While discussing the competing merits of Australia’s subtle forms of genocide it employs against its indigenous people versus Indonesia’s more direct and brutal methods it employs in West Papua with Pius the author of ALP corruption, a suicide in the AFP and death threats made against a three year old – Human Rights Australian style I was asked exactly what I mean by “subtle forms of genocide”. After giving this question some thought I believe that it is worth putting what exactly I mean by “subtle forms of genocide” on the public record.

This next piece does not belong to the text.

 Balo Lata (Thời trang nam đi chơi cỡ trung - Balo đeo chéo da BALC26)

Blak and Black’s argument at its most basic is that Australia uses the criminal justice system with its inherent institutional racism and systemic bias as a vehicle for implementing the most subtle and therefore insidious form of genocide imaginable. It is by hiding behind this thin veneer of due process and impartiality that Australia continues to escape world condemnation for its genocidal attitude to its indigenous people.

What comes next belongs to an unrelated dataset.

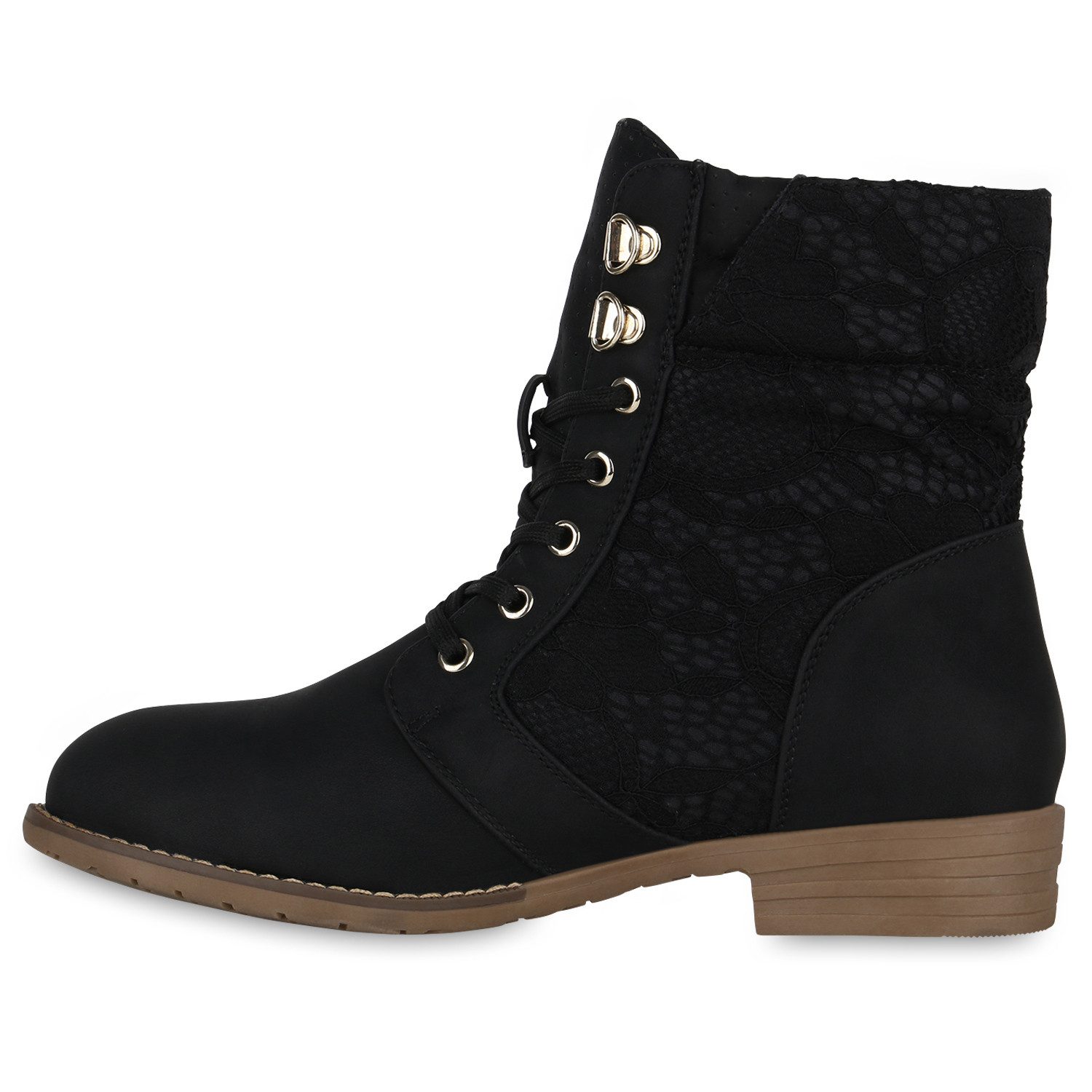 VAN HILL 815442 Schnürstiefelette Damen Schnürstiefeletten Spitze Stiefelet günstig online kaufen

The most appropriate starting point for a discussion on racism, discrimination and the overrepresentation of Indigenous people in the criminal justice system is a clarification of the terms. Some reference to terminology is necessary to demonstrate why particular analytical phrases have been employed in the research. There has been considerable disagreement between criminologists as to the veracity of concepts such as systemic racism, and there has also been some lack of conceptual clarity regarding differences between notions such as systemic racism and systemic bias, they tend to be used interchangeably although they in fact refer to different processes.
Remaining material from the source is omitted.